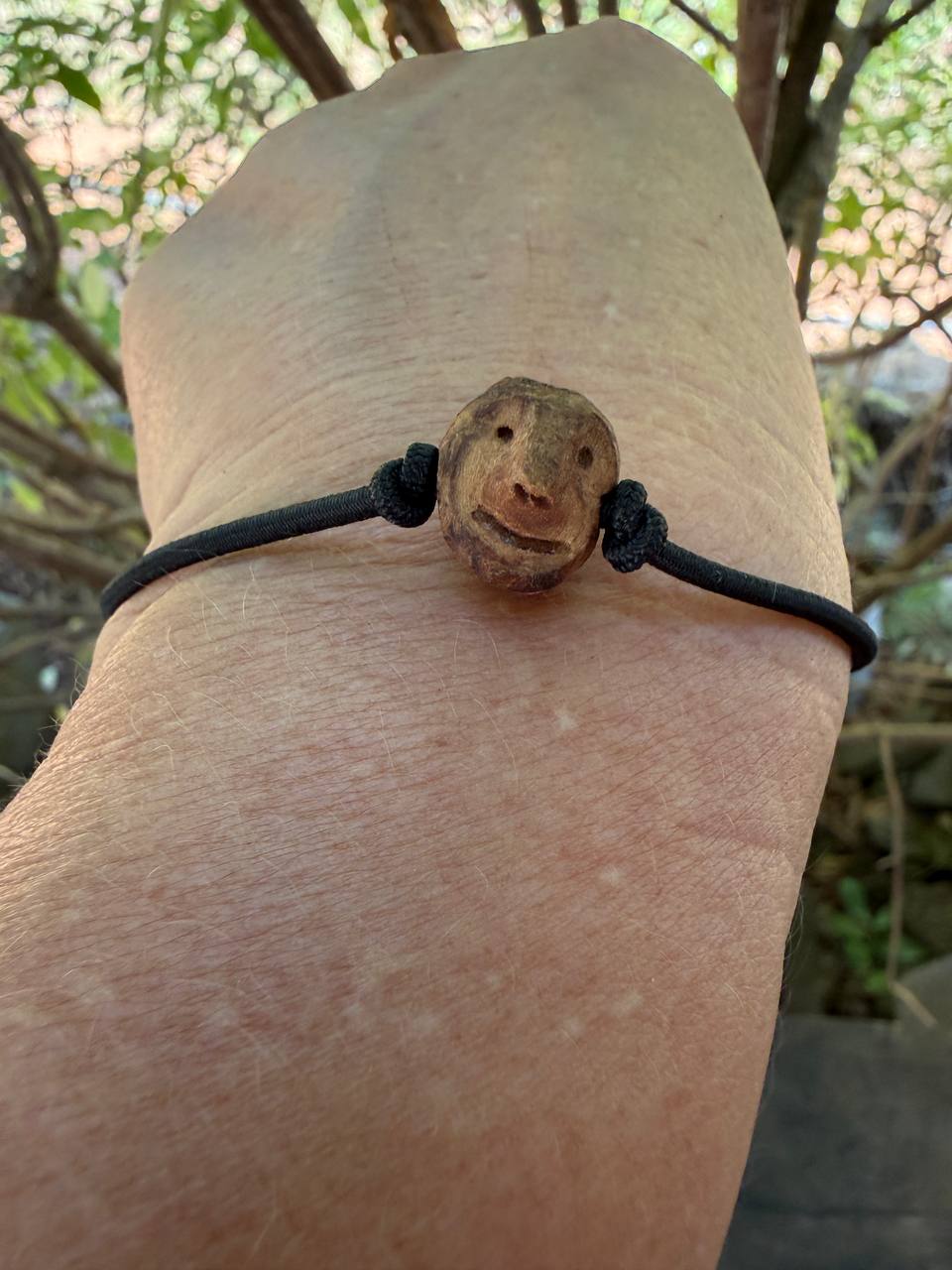Armbandwichtel Wiggerl handgeschnitzt aus magischer Baumperle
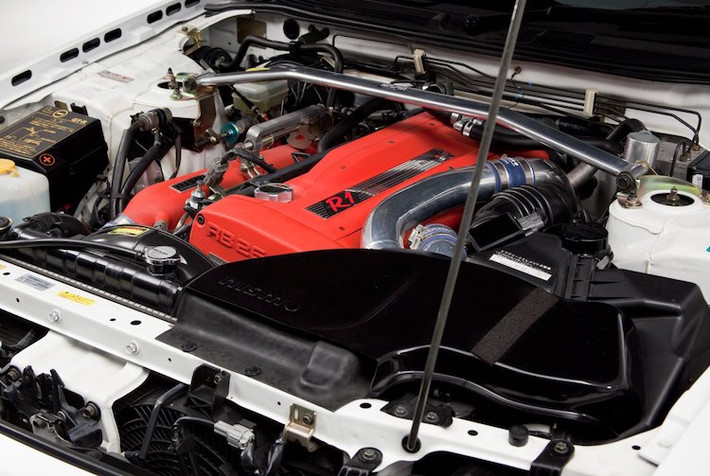 Những thay đổi đáng giá nhất của Skyline GT-R R-Tune nằm ở bên dưới nắp ca-pô. Động cơ 6 xi-lanh thẳng hàng 2.6l tăng áp kép với tên mã RB26DETT "huyền thoại" đã được Nismo độ lại với turbo mới, trục cam xe đua, các họng nạp đánh bóng, dàn tản nhiệt lớn hơn và bộ côn 2 đĩa. Ở dạng nguyên bản, động cơ này có công suất được công bố là 280 mã lực theo luật của Nhật lúc đó.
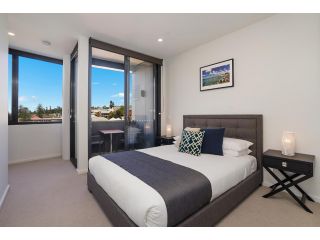 Newcastle Short Stay Accommodation - The Herald Apartment, Newcastle - 2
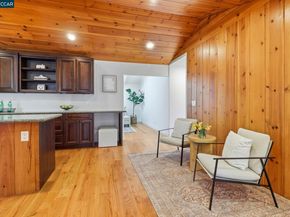 1124 Sanders Dr, Moraga CA 94556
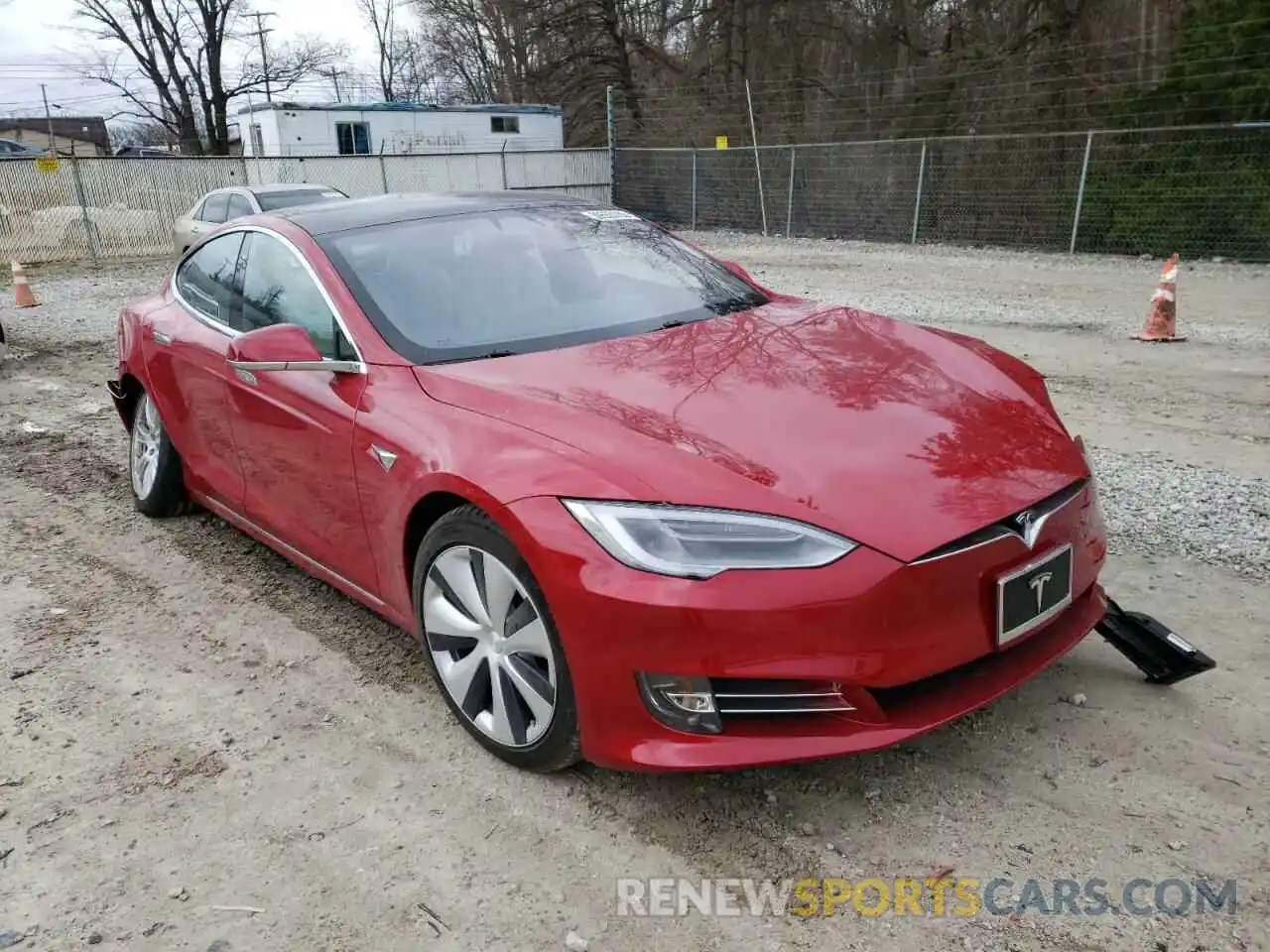 1 Photograph of a damaged car 5YJSA1E48LF412356 TESLA MODEL S 2020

■ ■ ■ ■ ■ ■ ■

→ WHAT THE TASK REQUIRES: With the pictures removed, return each record above exactly as given.

→ PROBLEM SOLUTION:
Armbandwichtel Wiggerl handgeschnitzt aus magischer Baumperle
 Những thay đổi đáng giá nhất của Skyline GT-R R-Tune nằm ở bên dưới nắp ca-pô. Động cơ 6 xi-lanh thẳng hàng 2.6l tăng áp kép với tên mã RB26DETT "huyền thoại" đã được Nismo độ lại với turbo mới, trục cam xe đua, các họng nạp đánh bóng, dàn tản nhiệt lớn hơn và bộ côn 2 đĩa. Ở dạng nguyên bản, động cơ này có công suất được công bố là 280 mã lực theo luật của Nhật lúc đó.
 Newcastle Short Stay Accommodation - The Herald Apartment, Newcastle - 2
 1124 Sanders Dr, Moraga CA 94556
 1 Photograph of a damaged car 5YJSA1E48LF412356 TESLA MODEL S 2020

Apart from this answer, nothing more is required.